**Your instructions:**
Your reply should be only the number of lines in the records that contain the word "Black".
[[ Data provided open ]]
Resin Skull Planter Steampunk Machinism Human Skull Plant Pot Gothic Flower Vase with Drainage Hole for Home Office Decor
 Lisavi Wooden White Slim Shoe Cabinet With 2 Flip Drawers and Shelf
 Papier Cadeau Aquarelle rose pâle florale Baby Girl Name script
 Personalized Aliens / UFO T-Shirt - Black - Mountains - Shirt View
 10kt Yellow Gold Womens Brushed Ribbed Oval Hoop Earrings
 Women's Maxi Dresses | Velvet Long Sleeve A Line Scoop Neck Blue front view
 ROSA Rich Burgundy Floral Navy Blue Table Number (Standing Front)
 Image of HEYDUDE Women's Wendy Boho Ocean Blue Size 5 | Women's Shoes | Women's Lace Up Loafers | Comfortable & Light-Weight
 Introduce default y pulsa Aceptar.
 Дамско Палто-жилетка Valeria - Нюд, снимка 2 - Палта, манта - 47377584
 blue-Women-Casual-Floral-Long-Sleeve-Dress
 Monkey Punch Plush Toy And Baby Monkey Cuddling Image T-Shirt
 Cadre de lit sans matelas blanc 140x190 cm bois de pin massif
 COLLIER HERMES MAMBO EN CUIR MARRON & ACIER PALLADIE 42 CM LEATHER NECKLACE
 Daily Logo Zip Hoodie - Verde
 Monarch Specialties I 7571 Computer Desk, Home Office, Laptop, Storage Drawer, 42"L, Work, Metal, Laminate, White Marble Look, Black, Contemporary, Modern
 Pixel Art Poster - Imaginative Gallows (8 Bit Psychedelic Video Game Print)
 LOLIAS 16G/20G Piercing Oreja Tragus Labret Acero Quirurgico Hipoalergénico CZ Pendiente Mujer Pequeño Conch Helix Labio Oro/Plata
[[ Data provided closed ]]
**Answer below:**
2